§ **How to complete this task**: Copying rule for the data below: take the line containing "Photo of 2017" and every line after it to the end, exactly, and drop all pictures.

START Exercise data

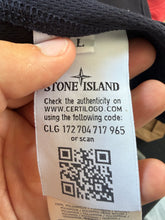 Lade das Bild in den Galerie-Viewer, Stone Island Softshell Jacke - L
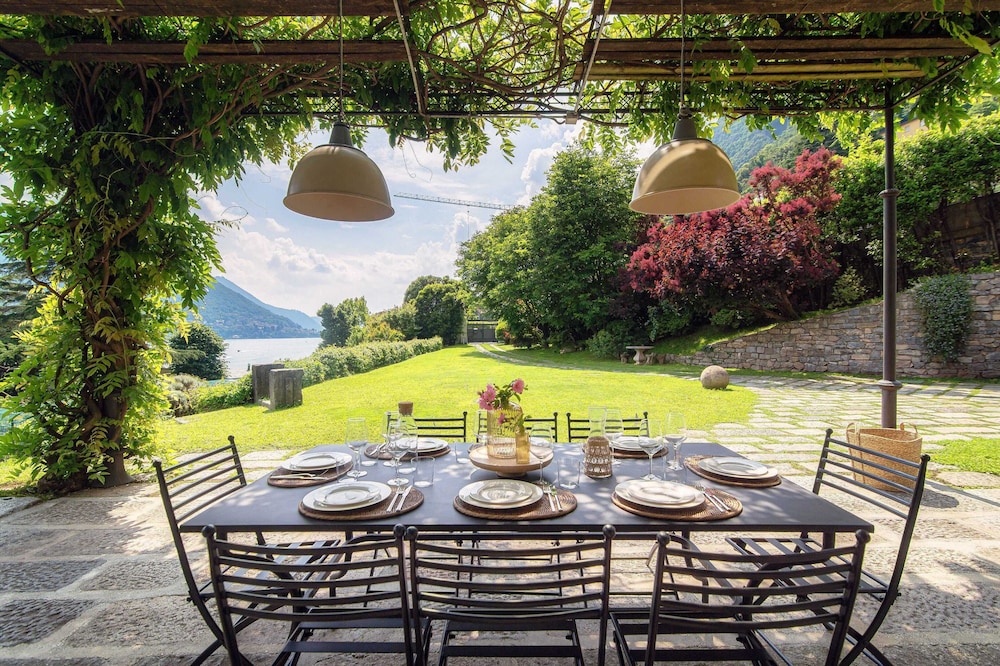 Villa Edmonda — 4-Star Luxury Hotel in Laglio, Italy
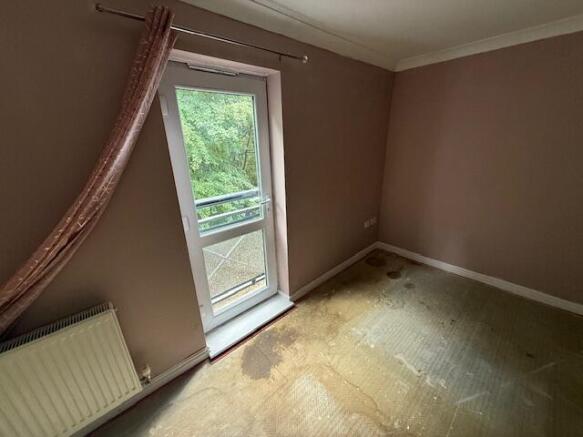 2 bed Flat for sale Image 9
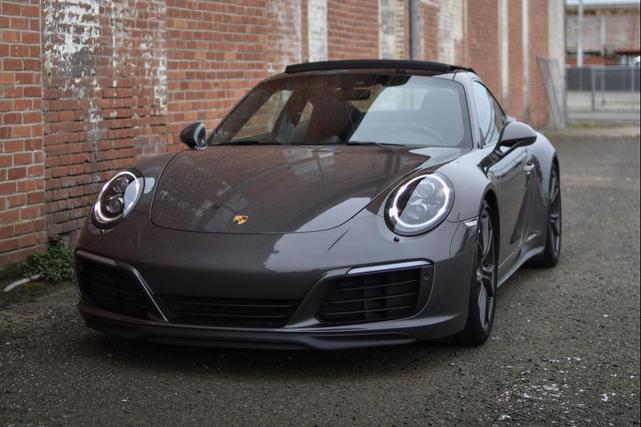 Photo of 2017 Agate Grey Metallic Porsche 911
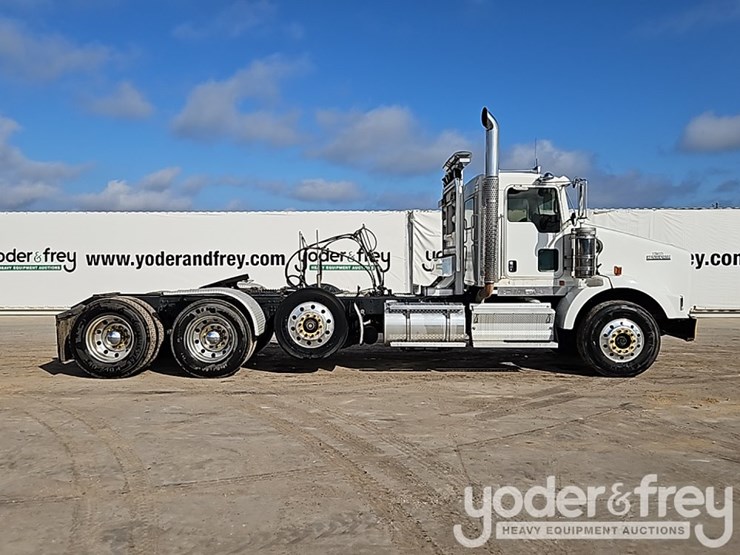 2009-kenworth-t800-image-6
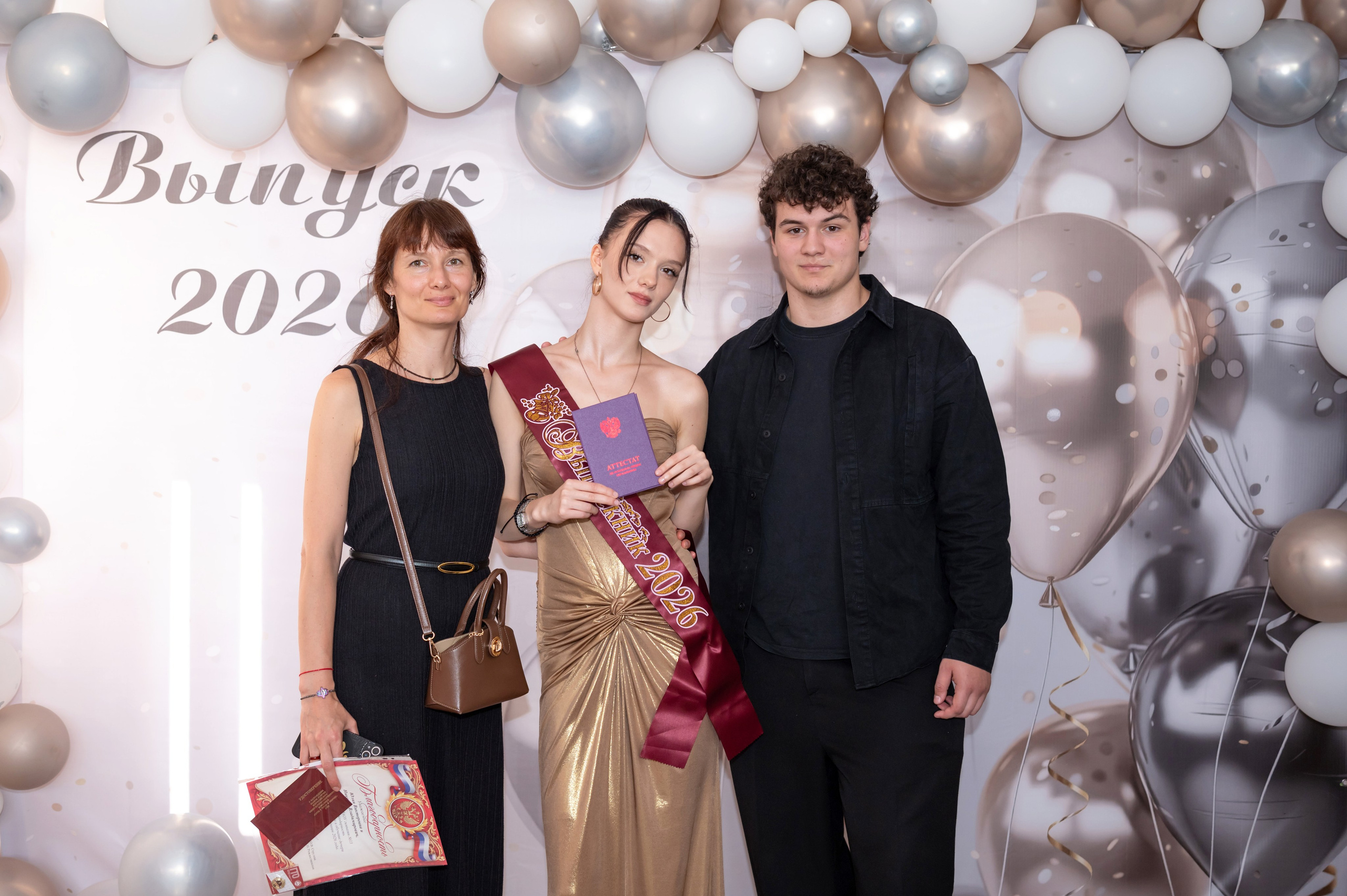 Выпускной 9 класс. Гимназия № 13 г. Долгопрудный. Детский и семейный фотограф г. Москва Оксана Катаджи ☘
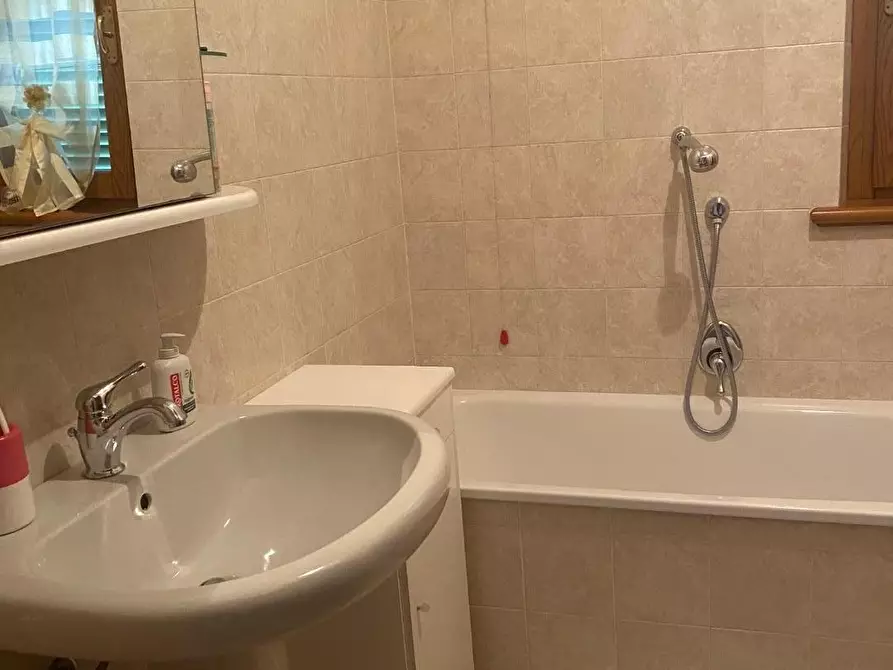 Immagine 2 di Villetta a schiera in vendita  a Camaiore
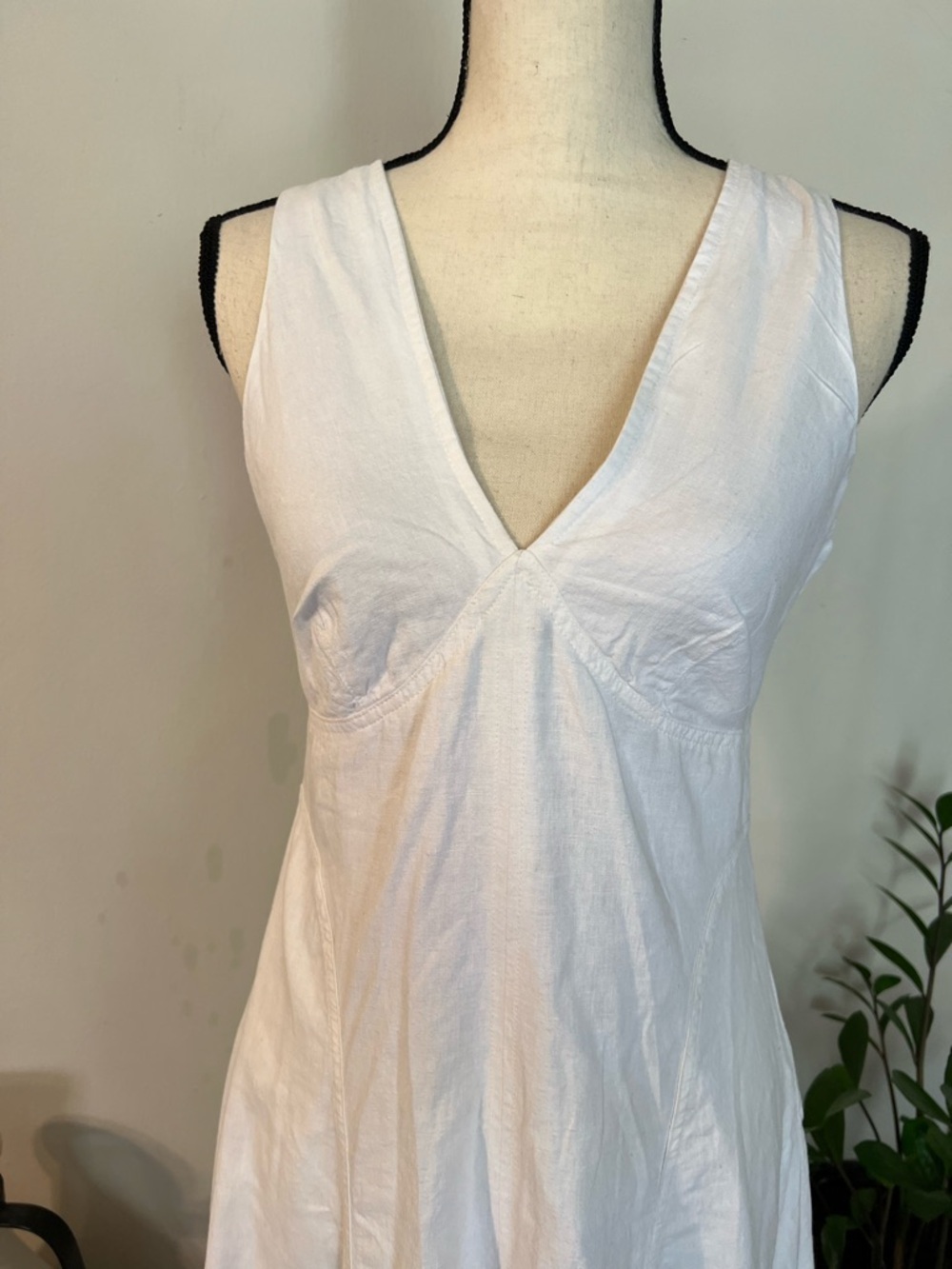 Banana Republic White V-Neck Midi Dress - Picture 11 of 16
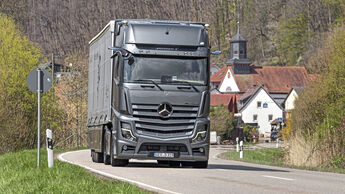 freightliner, cascadia, actros, edition 2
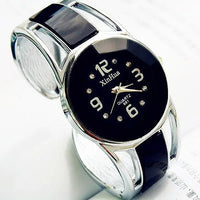 Stylish Ladies Bracelet Watch with Quartz Movement & Trendy Colors snake - label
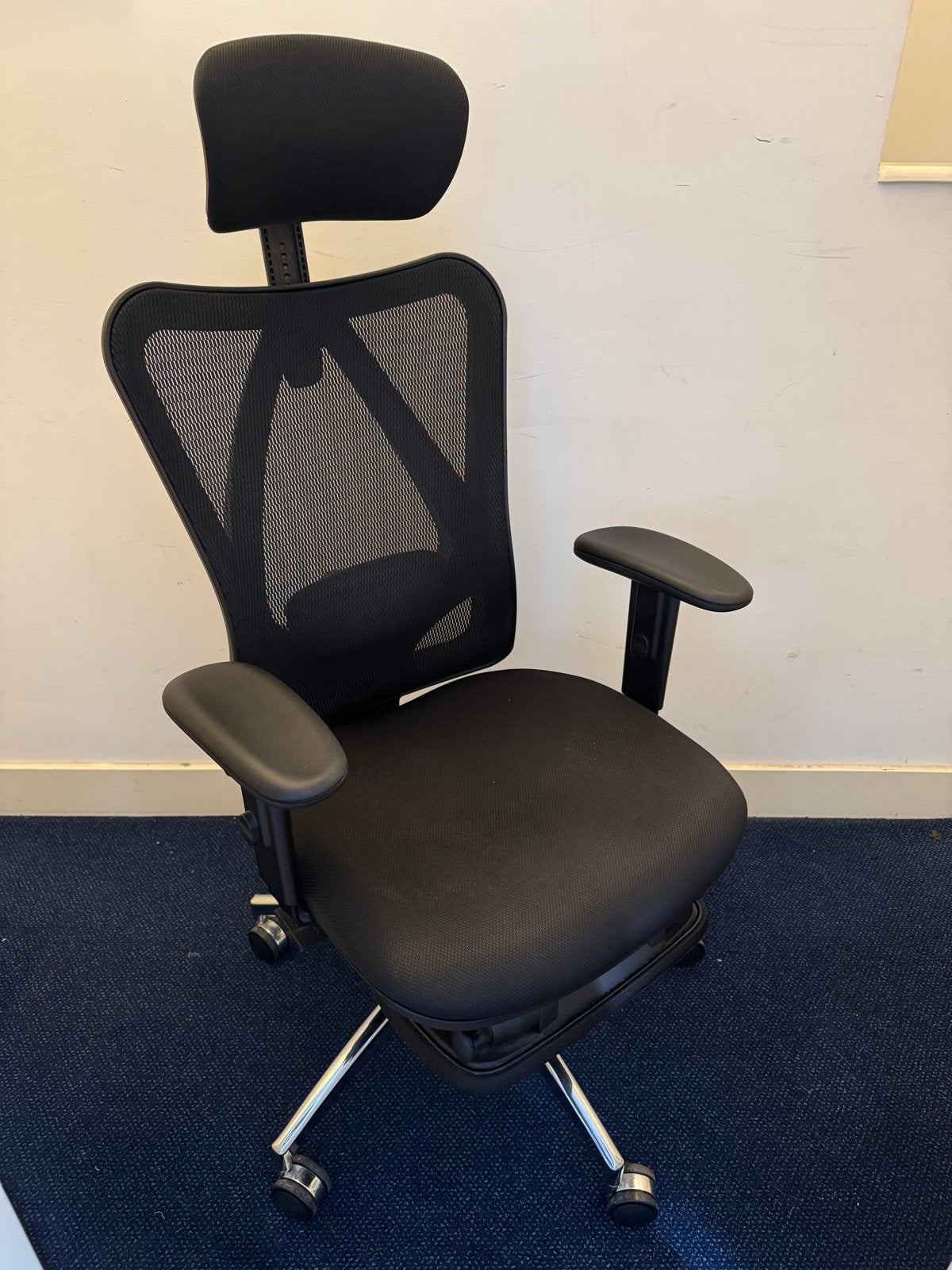 Ergonomische Bureaustoel met Voetensteun - Zwart, Ophalen, Zwart, Zo goed als nieuw, Bureaustoel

END Exercise data

§ **Result below**:
 Photo of 2017 Agate Grey Metallic Porsche 911
 2009-kenworth-t800-image-6
 Выпускной 9 класс. Гимназия № 13 г. Долгопрудный. Детский и семейный фотограф г. Москва Оксана Катаджи ☘
 Immagine 2 di Villetta a schiera in vendita  a Camaiore
 Banana Republic White V-Neck Midi Dress - Picture 11 of 16
 freightliner, cascadia, actros, edition 2
 Stylish Ladies Bracelet Watch with Quartz Movement & Trendy Colors snake - label
 Ergonomische Bureaustoel met Voetensteun - Zwart, Ophalen, Zwart, Zo goed als nieuw, Bureaustoel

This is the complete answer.